Tour company owner Victor Lozano said he has operated Dolphin Excursions for six years, and had a van stolen three or four years ago in Kane'ohe, but until yesterday had never had a van hijacked with passengers inside.

"It's a shame, it really is. I'm just glad the kids are OK. They're fine but I'm sure the mothers are gonna have nightmares for a while," Lozano said.

The company had suspended tours for the five previous days due to the rainy weather, Lozano said.

"We're taking a beating out here and all the other tour companies are as well, and now this happens," he said.

The company van driver had stopped at what is known as "Electric Beach" to let passengers stretch their legs and scan the ocean for whales, Lozano said.

The driver got out with them, but left the keys in the ignition with the motor running because the stop was meant to be very brief. The driver also wanted to keep the air-conditioning running and an adult had stayed behind with the girls, Lozano said.

The hijacking happened so quickly, the company driver didn't even see the man approach the van or get in, Lozano said.
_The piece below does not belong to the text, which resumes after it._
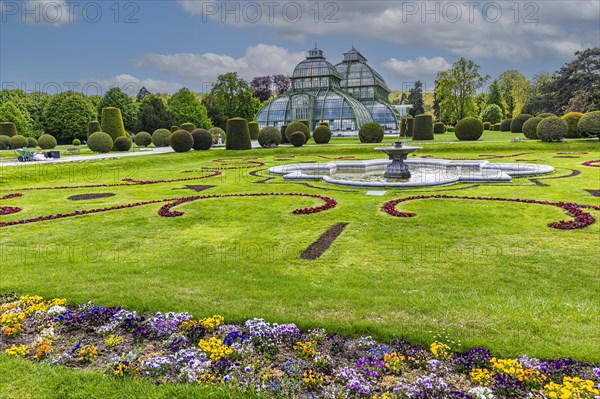 Schoenbrunn Palace Park with fountain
Some of his customers have put personal items down and walked away momentarily only have those items stolen, Lozano said.

"But nothing even close to this has ever happened, thank God," said Lozano, who has two sons of his own, ages 9 and 17. "Something like this is a parent's worst nightmare. You read about and hear about tourists whose cars are broken into routinely, but not about vans being hijacked with people in them."
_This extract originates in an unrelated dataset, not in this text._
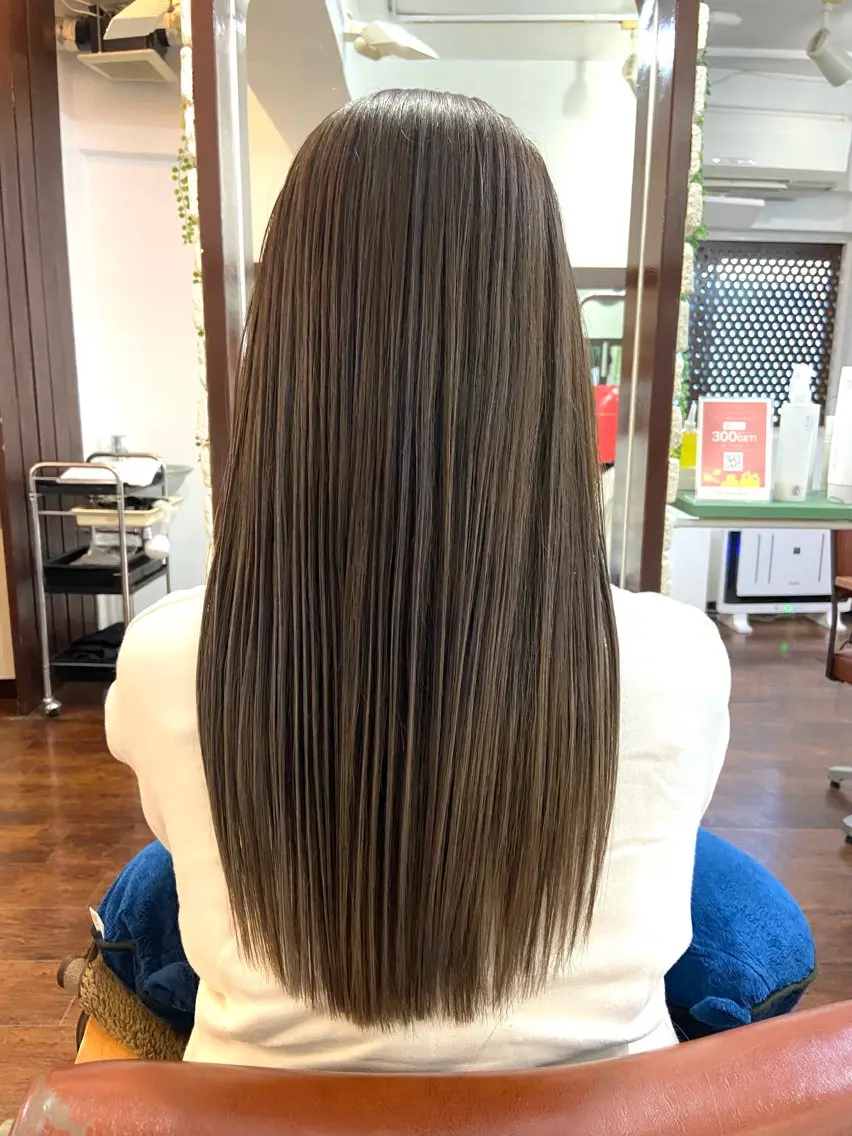 ロング アッシュ パープルカラー ハイライト ロング 山本 孝行のヘアスタイル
Lozano said he believes the man who hijacked the 14-passenger Ford E350 van and the one who followed the van were working together and had planned in advance to steal items from the van or possibly rob the tourists aboard it.

Rex Johnson, Hawaii Tourism Authority executive director, said the incident can't help but give Hawai'i tourism "a very black eye" and called it "the kind of thing that obviates spending millions of dollars on tourism promotion and advertising."

"We need to do whatever we can — be it through education or law enforcement or through the court system — to prevent things like this from happening," Johnson said.

Jessica Lani Rich, president and executive officer of the Visitor Aloha Society of Hawai'i, said her agency was working with the city Prosecutor's Office to assist the hijacking victims.

Lopez said he and his partner were planning to fly back to Colorado late yesterday afternoon and that the girls and their mothers told him they planned to leave for home today.